→ Supplied material:
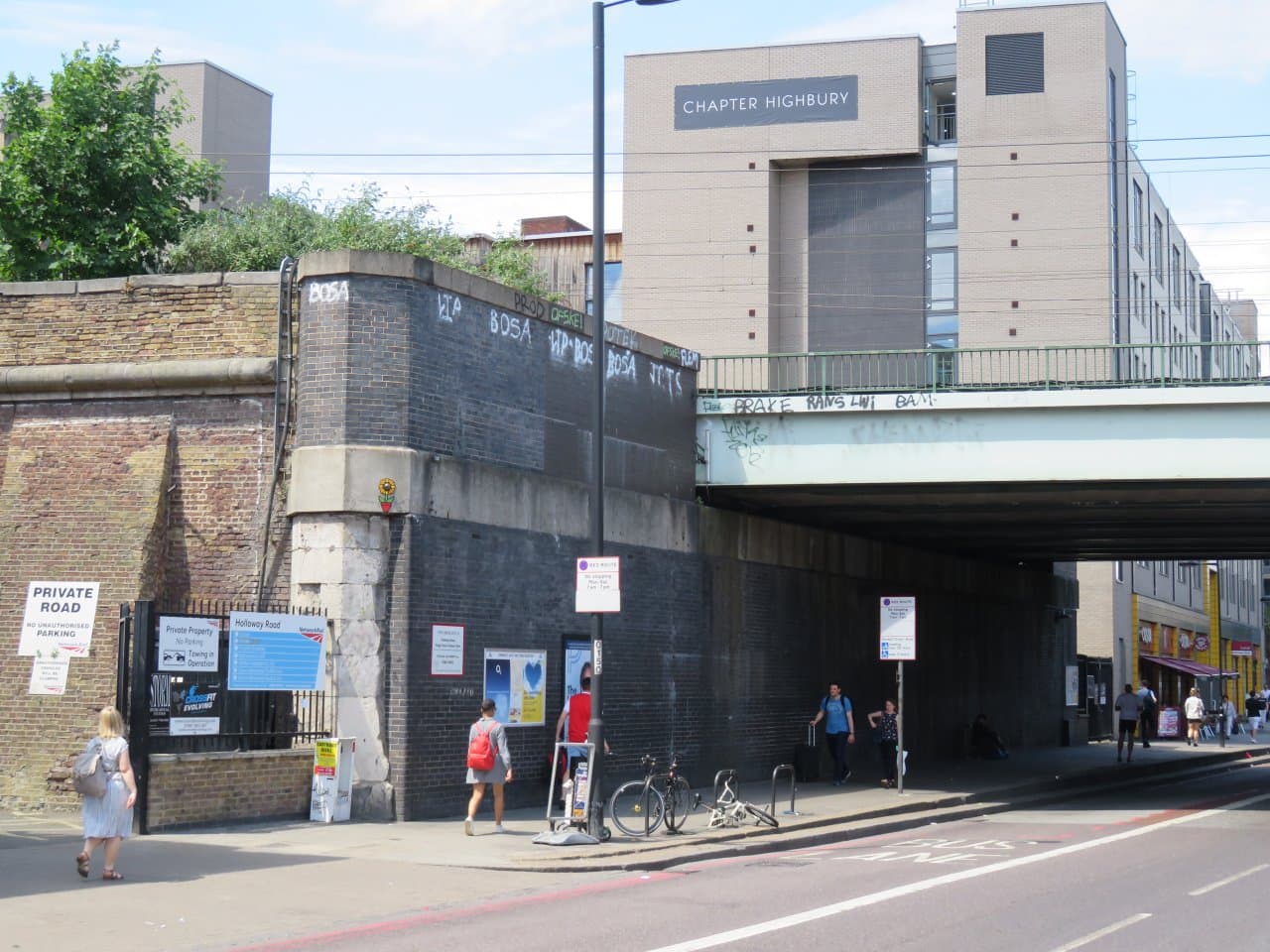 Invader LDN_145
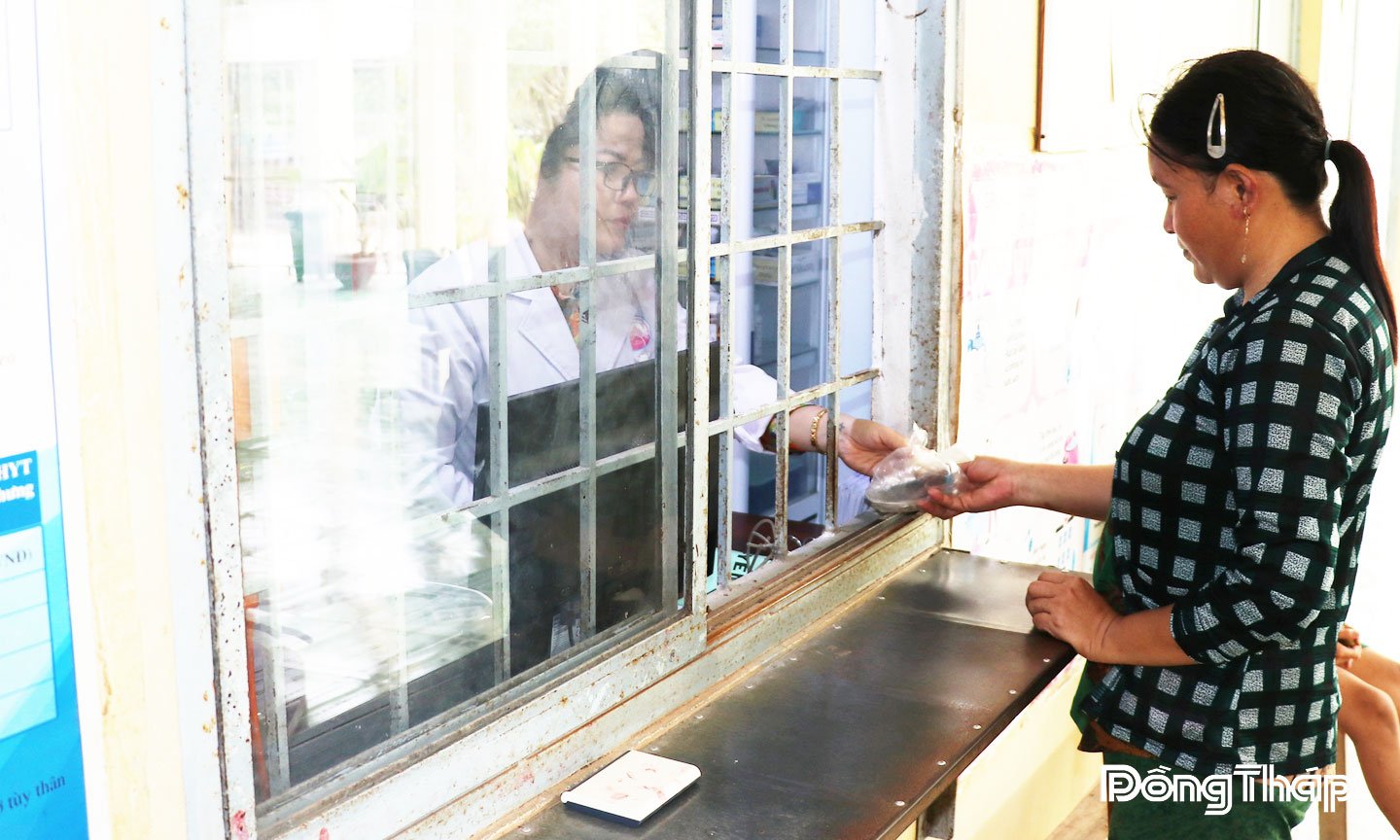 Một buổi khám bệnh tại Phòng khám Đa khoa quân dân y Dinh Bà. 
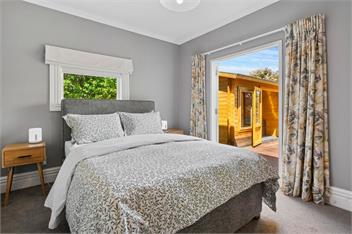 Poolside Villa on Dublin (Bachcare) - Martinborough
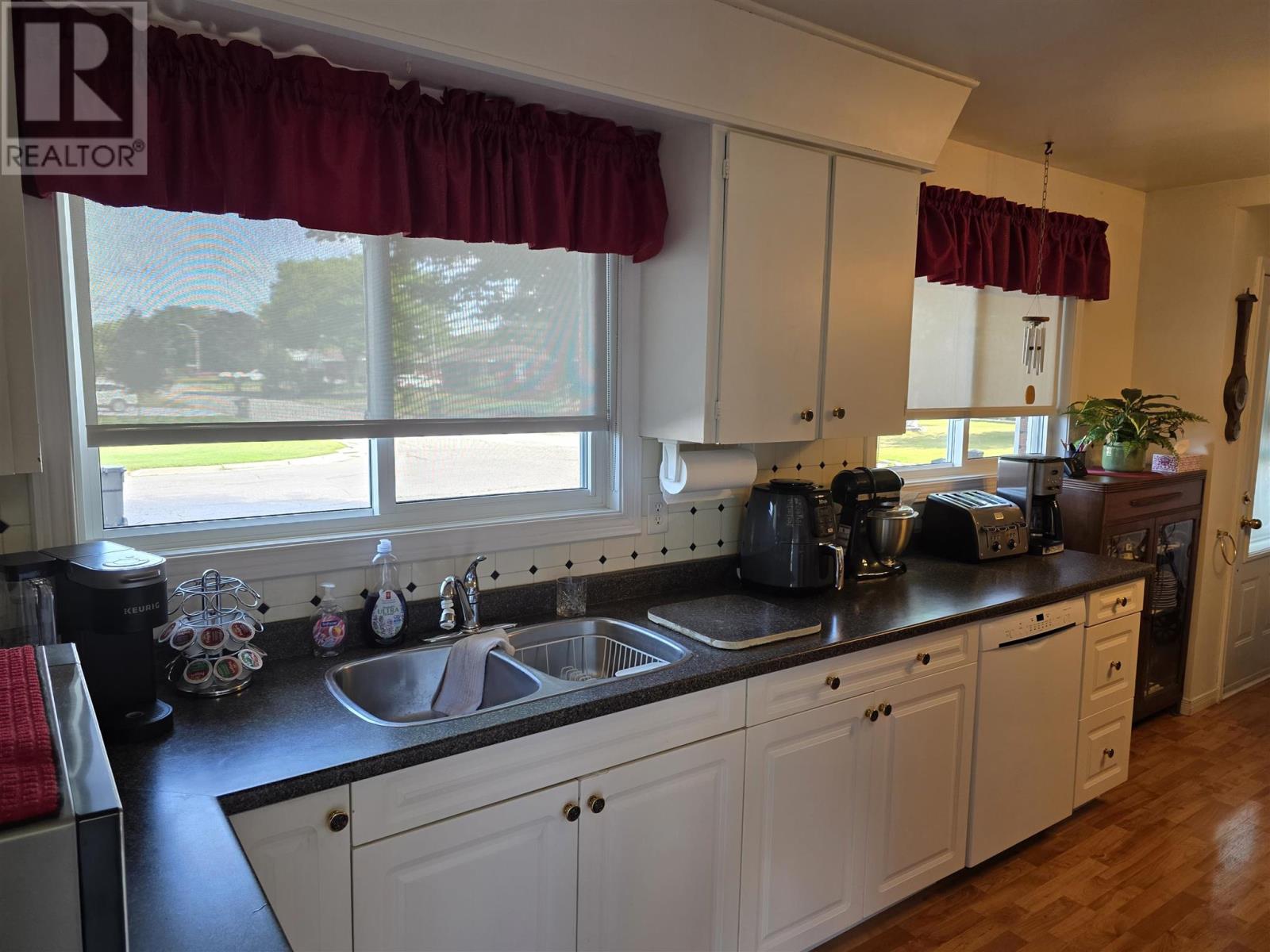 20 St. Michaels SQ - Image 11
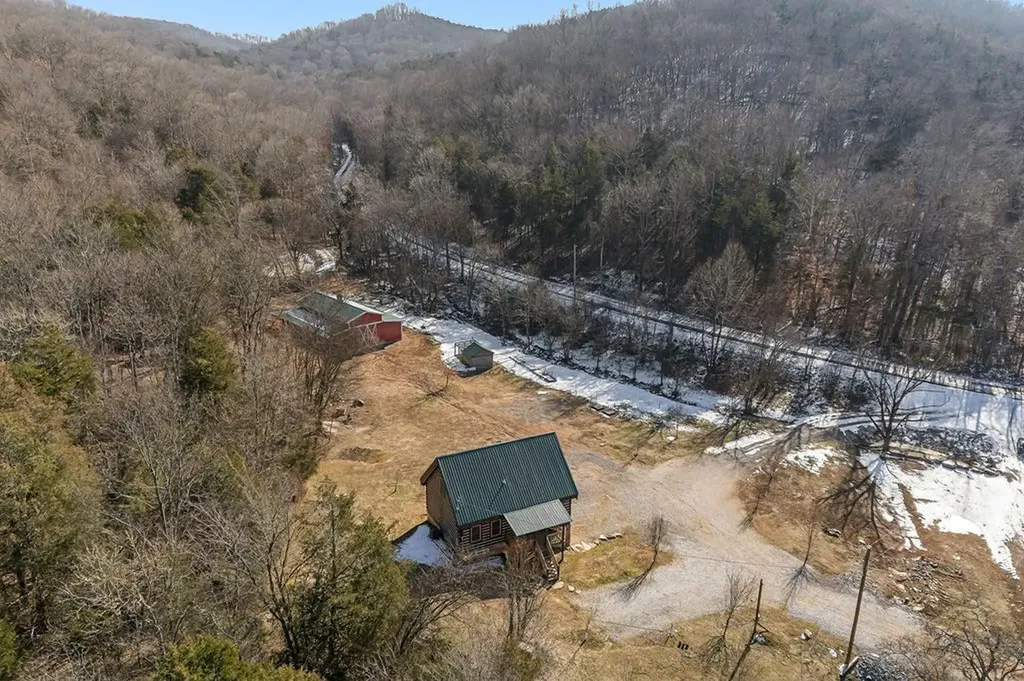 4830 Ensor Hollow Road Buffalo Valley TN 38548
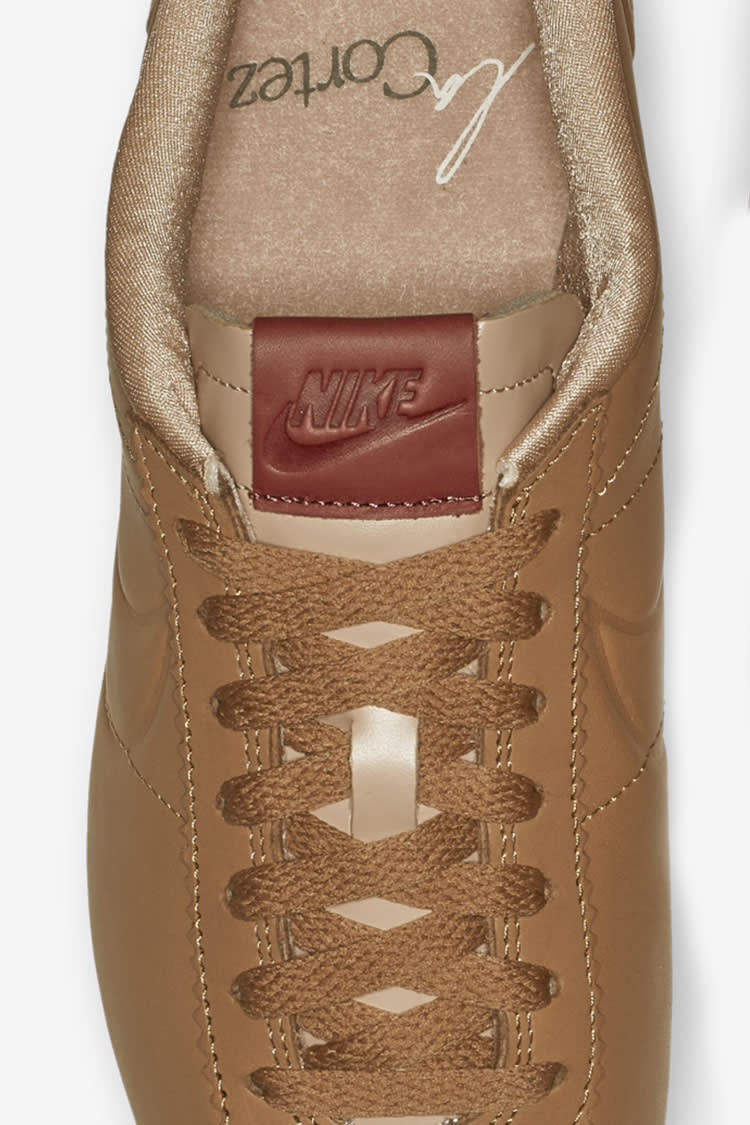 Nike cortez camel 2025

→ What to work on: Copy all the entries word for word. Omit any pictures.

→ Written response:
 Invader LDN_145
 Một buổi khám bệnh tại Phòng khám Đa khoa quân dân y Dinh Bà. 
 Poolside Villa on Dublin (Bachcare) - Martinborough
 20 St. Michaels SQ - Image 11
 4830 Ensor Hollow Road Buffalo Valley TN 38548
 Nike cortez camel 2025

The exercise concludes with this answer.